TASK DESCRIPTION:
Each line of data below must be printed exactly as written, with any pictures removed.

INPUT DATA:
==============================
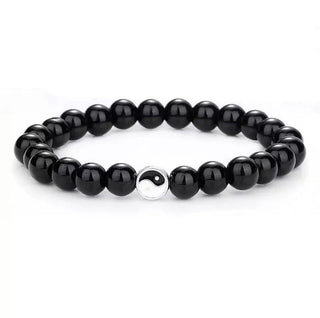 Buddha Gift 3pcs Natural White Turquoise Frosted Stone Bead Yin Yang Wealth Bracelet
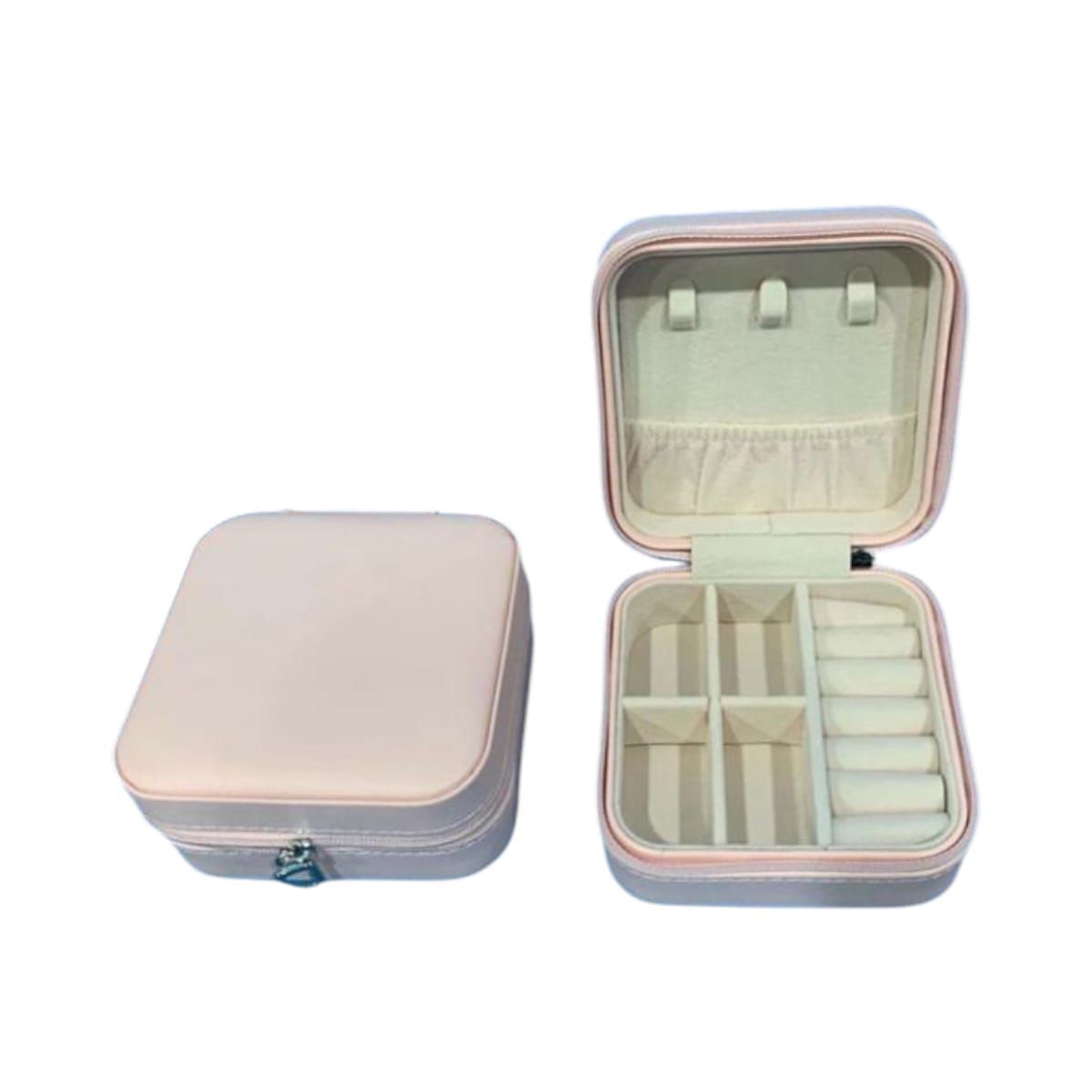 GENERICO - Estuche Portátil para Joyas Rosa con Compartimentos Gms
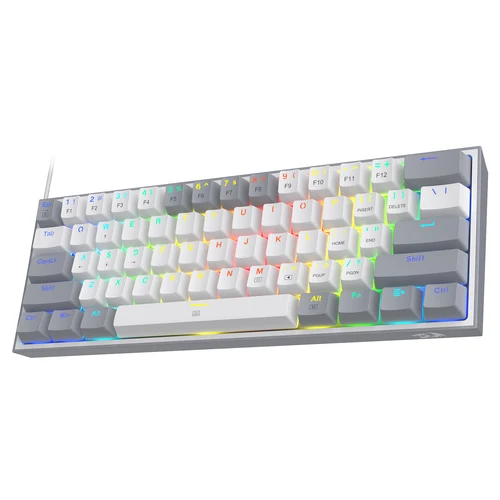Redragon K617 Fizz 60% Teclado para juegos RGB con cable, 61 teclas Teclado mecánico compacto intercambiable en caliente Interruptor rojo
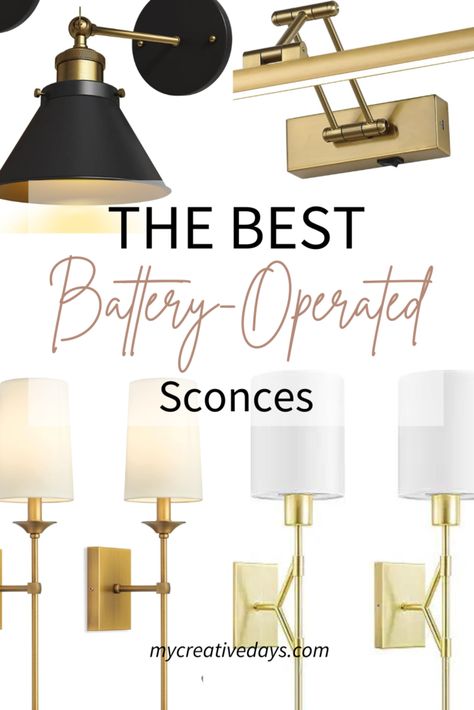 The Best Battery Operated Sconces - My Creative Days Sconces Over Built Ins, Scones Above Nightstand, Battery Operated Chandelier Bedroom, Guest Bedroom Wall Sconces, Wall Sconces No Wiring, Battery Operated Wall Lamps, Sconces Above Pictures, Wall Sconces Tv, Battery Operated Lights Wall Sconces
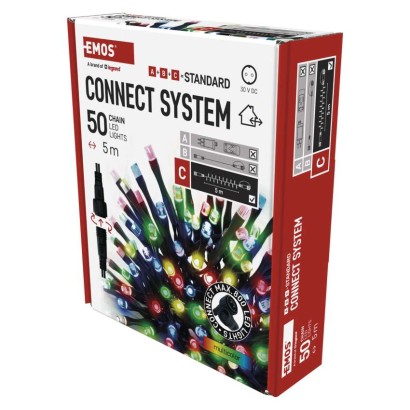 Standard LED spojovacia vianočná reťaz, 5 m, vonkajšia aj vnútorná, multicolor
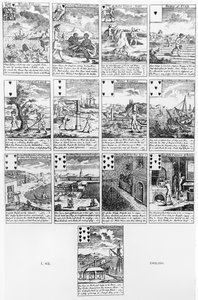 Spielkarten, die Blasenunternehmen satirisieren, ca. 1720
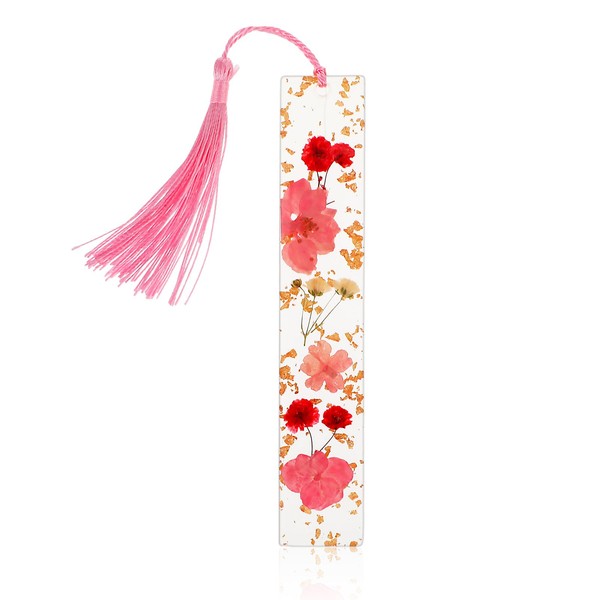 Dimeho Dried Flowers Book Markers Tassels Clear Flowers Bookmarks Durable Handmade Cute Resin Page Markers Pretty Book Marker Holder Gift for Women Bookworms (Pink)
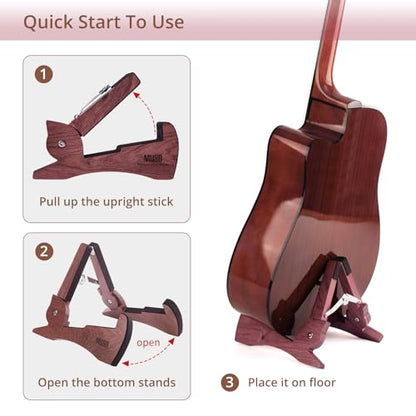 Guitar Stand, Acoustic Guitar Stand with Padded Foam, Classical Electric Guitar Stand,Folding Bass Guitar Display Stand Travel Guitar Stand, Compatible with Mandolin, Bass, Banjo, Ukulele,Rabbit-Shape Patented (Black Walnut) - color: Black Walnut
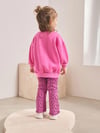 Leopar Kalp Desenli Taytlı Takım - Pembe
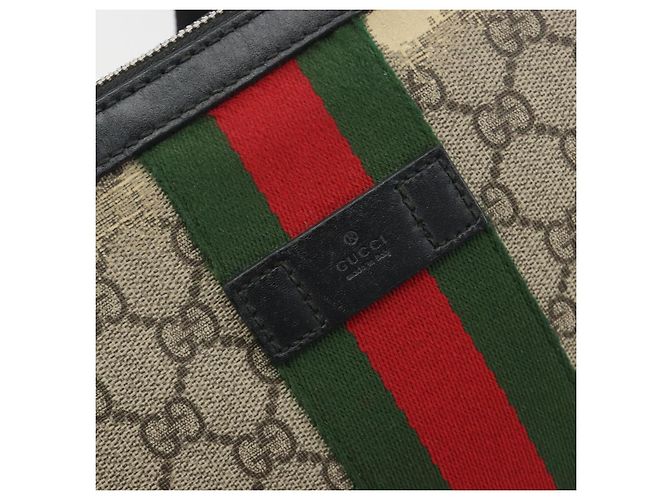 Borsa a tracolla GUCCI GG Supreme Web Sherry Line Beige Argento 337111 Auth 192620 - vista 18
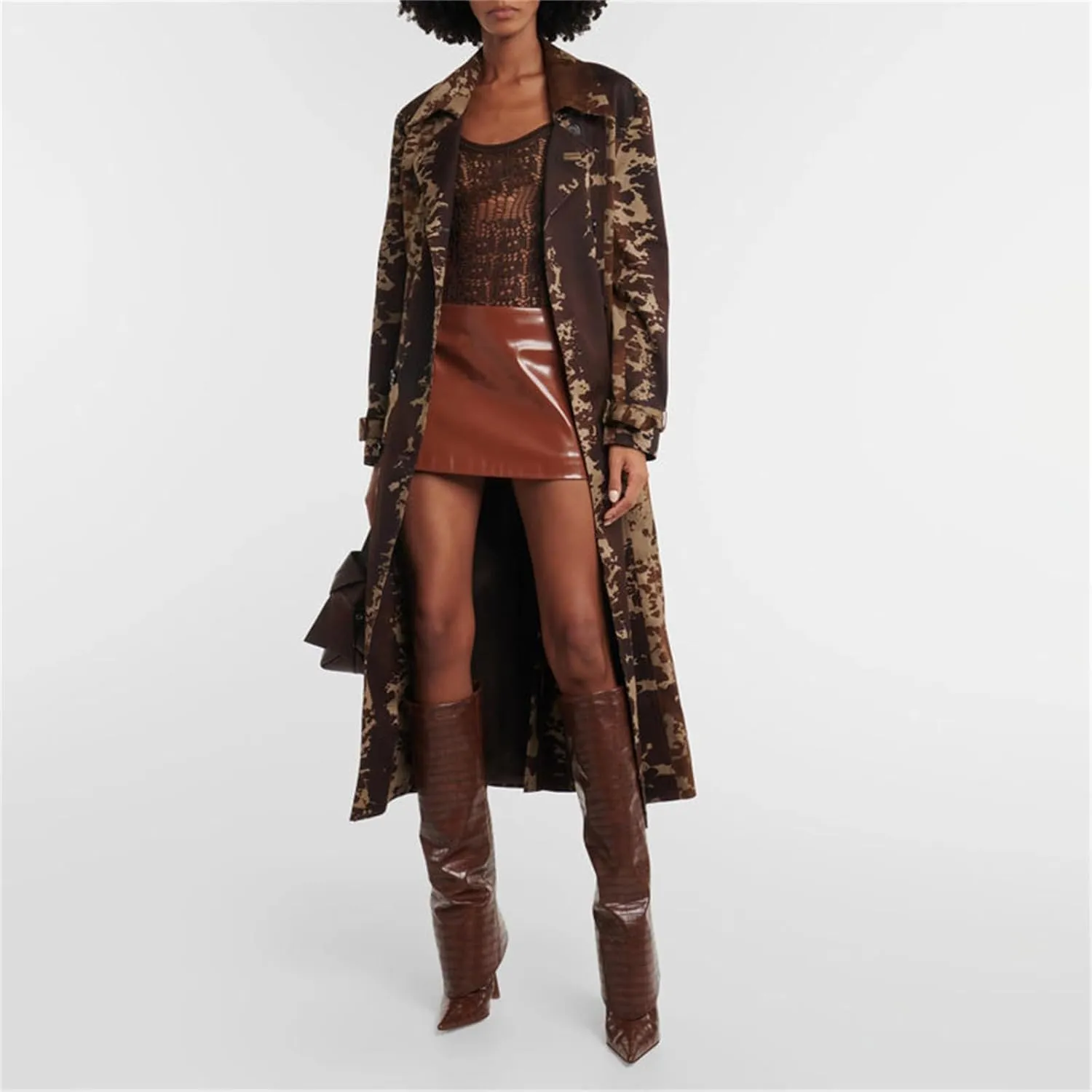 Goolita Fold Over Boots For Women, Pointed Toe Stiletto Heel Knee High Boots Fashion Comfortable Slip On Tall Boots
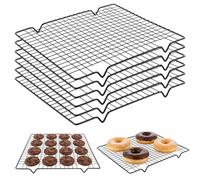 AZKEEGREY 6 Pack Cooling Rack for Baking 28x25 cm Stainless Steel Wire Grill Rack Grid Oven Racks Baking Tray for Cake Bread Meat Cooking Roasting Grilling or Drying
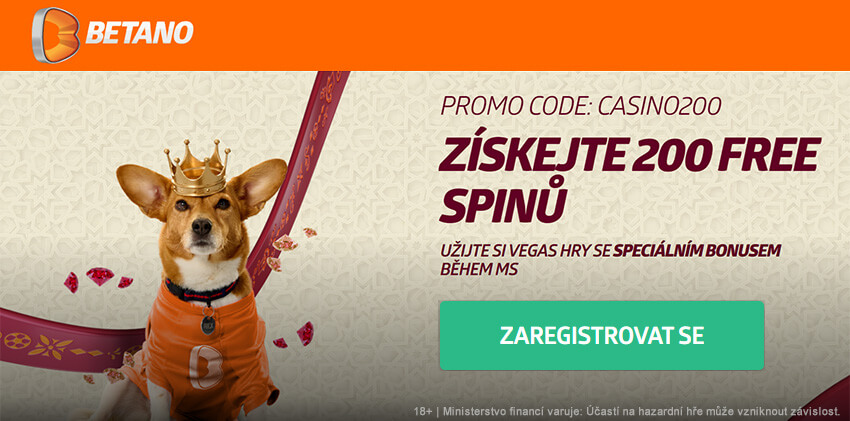 Registrujte se ZDE u Betana a získejte extra 200 free spinů za registraci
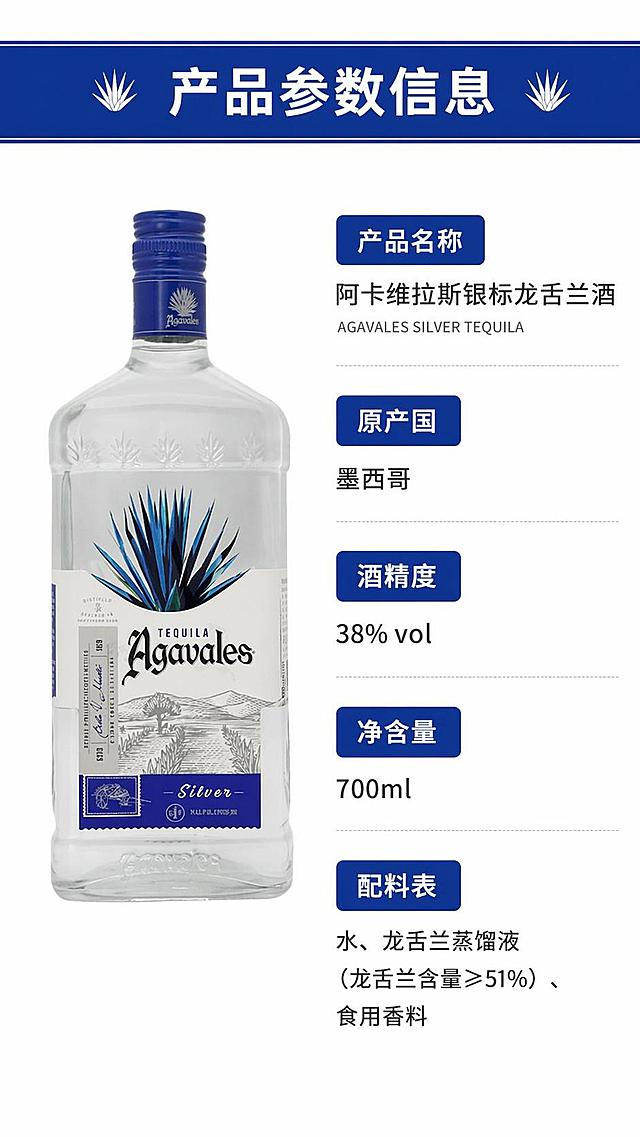 [第6屏] 规格参数屏-阿卡维拉斯银标龙舌兰酒产品信息。本屏使用【图1】作为产品展示。
[氛围/风格] 简约清晰信息风，干净整洁商务质感。
[元素布局] 左侧放置完整瓶身产品，占比约50%，瓶身外观与原图一致；右侧为配料与规格参数区域，清晰排版各项信息，保证内容整齐不拥挤。
[光影质感] 均匀布光，产品和信息都清晰可见，无明显阴影，整体干净通透。
[配色色系] 全局底色 #FFFFFF；主色：纯白底+深灰文字；辅助色：品牌蓝色块做信息标题底衬。
[视角构图] 左右分栏，左产品右信息，均衡对称构图，阅读动线清晰。
[文字版式] 顶部标题「产品参数信息」，右侧分块展示产品名称、原产国、酒精度、净含量、配料表，标题使用品牌蓝色块底衬白色文字，内容文字使用深灰色，沿用首屏字体风格，文字清晰大小适中，不遮挡产品主体。
[比例分辨率] 9:16 竖版比例，4K分辨率，文字清晰可辨，高清画质。
[负向提示词] 瓶身变形，参数文字模糊，排版混乱，颜色偏差，水印
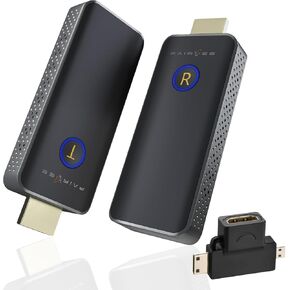 Wireless HDMI Transmitter and Receiver,Plug and Play,2.4G/5G Wireless HDMI Extender Kit,Full 1080P HDMI Sender Receiver,Wireless Display Adapter Streaming Device for TV/Laptop/PC/Projector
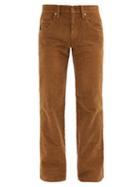 Matchesfashion.com Gucci - Distressed Cotton-corduroy Flared Trousers - Mens - Brown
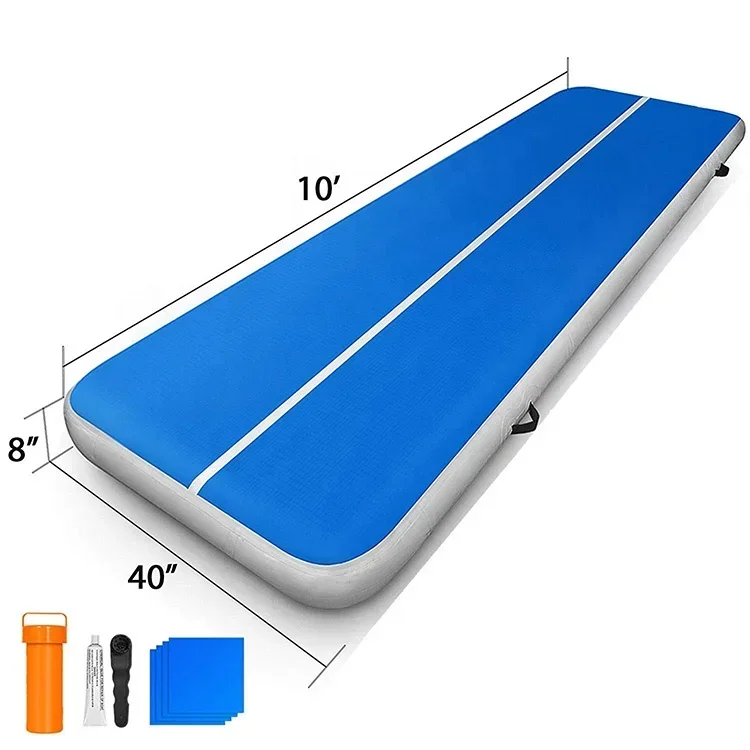 Design customized 2M/4M/5M/7M/9M/10M/12M size of yoga air track inflatable gym mat gymnastic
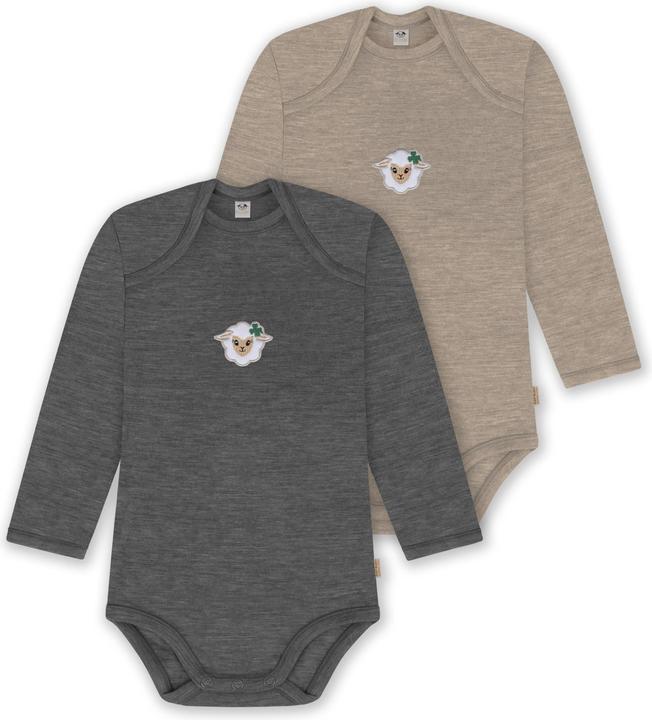 Normani 2er Pack Baby Merino Body Langarm „Auckland" - 9381
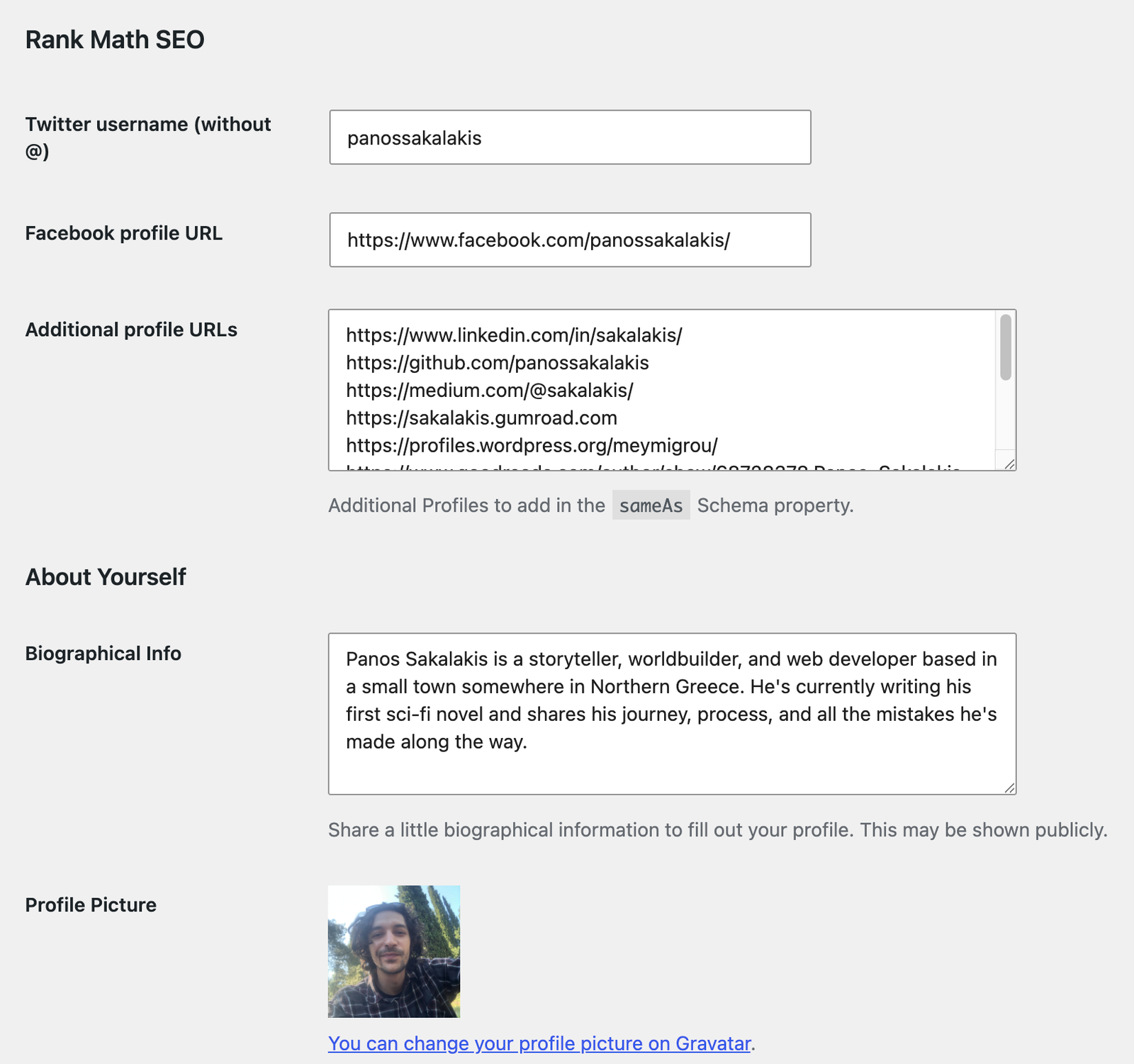 Rank Math SEO - WordPress Profile Settings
==============================
RESULT OF THE TASK:
 Buddha Gift 3pcs Natural White Turquoise Frosted Stone Bead Yin Yang Wealth Bracelet
 GENERICO - Estuche Portátil para Joyas Rosa con Compartimentos Gms
Redragon K617 Fizz 60% Teclado para juegos RGB con cable, 61 teclas Teclado mecánico compacto intercambiable en caliente Interruptor rojo
 The Best Battery Operated Sconces - My Creative Days Sconces Over Built Ins, Scones Above Nightstand, Battery Operated Chandelier Bedroom, Guest Bedroom Wall Sconces, Wall Sconces No Wiring, Battery Operated Wall Lamps, Sconces Above Pictures, Wall Sconces Tv, Battery Operated Lights Wall Sconces
 Standard LED spojovacia vianočná reťaz, 5 m, vonkajšia aj vnútorná, multicolor
 Spielkarten, die Blasenunternehmen satirisieren, ca. 1720
 Dimeho Dried Flowers Book Markers Tassels Clear Flowers Bookmarks Durable Handmade Cute Resin Page Markers Pretty Book Marker Holder Gift for Women Bookworms (Pink)
 Guitar Stand, Acoustic Guitar Stand with Padded Foam, Classical Electric Guitar Stand,Folding Bass Guitar Display Stand Travel Guitar Stand, Compatible with Mandolin, Bass, Banjo, Ukulele,Rabbit-Shape Patented (Black Walnut) - color: Black Walnut
 Leopar Kalp Desenli Taytlı Takım - Pembe
 Borsa a tracolla GUCCI GG Supreme Web Sherry Line Beige Argento 337111 Auth 192620 - vista 18
 Goolita Fold Over Boots For Women, Pointed Toe Stiletto Heel Knee High Boots Fashion Comfortable Slip On Tall Boots
 AZKEEGREY 6 Pack Cooling Rack for Baking 28x25 cm Stainless Steel Wire Grill Rack Grid Oven Racks Baking Tray for Cake Bread Meat Cooking Roasting Grilling or Drying
 Registrujte se ZDE u Betana a získejte extra 200 free spinů za registraci
 [第6屏] 规格参数屏-阿卡维拉斯银标龙舌兰酒产品信息。本屏使用【图1】作为产品展示。
[氛围/风格] 简约清晰信息风，干净整洁商务质感。
[元素布局] 左侧放置完整瓶身产品，占比约50%，瓶身外观与原图一致；右侧为配料与规格参数区域，清晰排版各项信息，保证内容整齐不拥挤。
[光影质感] 均匀布光，产品和信息都清晰可见，无明显阴影，整体干净通透。
[配色色系] 全局底色 #FFFFFF；主色：纯白底+深灰文字；辅助色：品牌蓝色块做信息标题底衬。
[视角构图] 左右分栏，左产品右信息，均衡对称构图，阅读动线清晰。
[文字版式] 顶部标题「产品参数信息」，右侧分块展示产品名称、原产国、酒精度、净含量、配料表，标题使用品牌蓝色块底衬白色文字，内容文字使用深灰色，沿用首屏字体风格，文字清晰大小适中，不遮挡产品主体。
[比例分辨率] 9:16 竖版比例，4K分辨率，文字清晰可辨，高清画质。
[负向提示词] 瓶身变形，参数文字模糊，排版混乱，颜色偏差，水印
 Wireless HDMI Transmitter and Receiver,Plug and Play,2.4G/5G Wireless HDMI Extender Kit,Full 1080P HDMI Sender Receiver,Wireless Display Adapter Streaming Device for TV/Laptop/PC/Projector
 Matchesfashion.com Gucci - Distressed Cotton-corduroy Flared Trousers - Mens - Brown
 Design customized 2M/4M/5M/7M/9M/10M/12M size of yoga air track inflatable gym mat gymnastic
 Normani 2er Pack Baby Merino Body Langarm „Auckland" - 9381
 Rank Math SEO - WordPress Profile Settings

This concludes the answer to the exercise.